# [Description of the task]
Set down the data below exactly; pictures stay out.

# [Supplied data]
=== Begin Enclosure ===
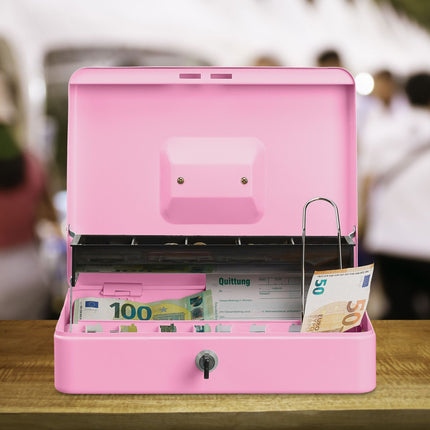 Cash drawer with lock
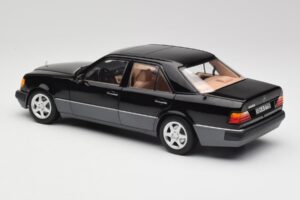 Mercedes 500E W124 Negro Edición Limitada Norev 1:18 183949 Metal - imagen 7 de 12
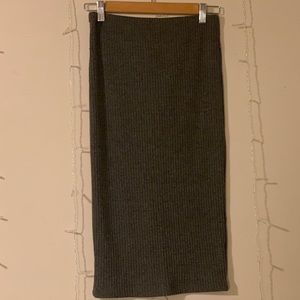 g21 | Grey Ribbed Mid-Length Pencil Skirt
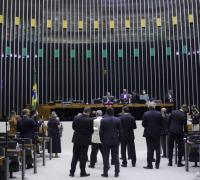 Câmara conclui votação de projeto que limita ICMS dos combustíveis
=== End Enclosure ===
# [Your solution]
 Cash drawer with lock
 Mercedes 500E W124 Negro Edición Limitada Norev 1:18 183949 Metal - imagen 7 de 12
 g21 | Grey Ribbed Mid-Length Pencil Skirt
 Câmara conclui votação de projeto que limita ICMS dos combustíveis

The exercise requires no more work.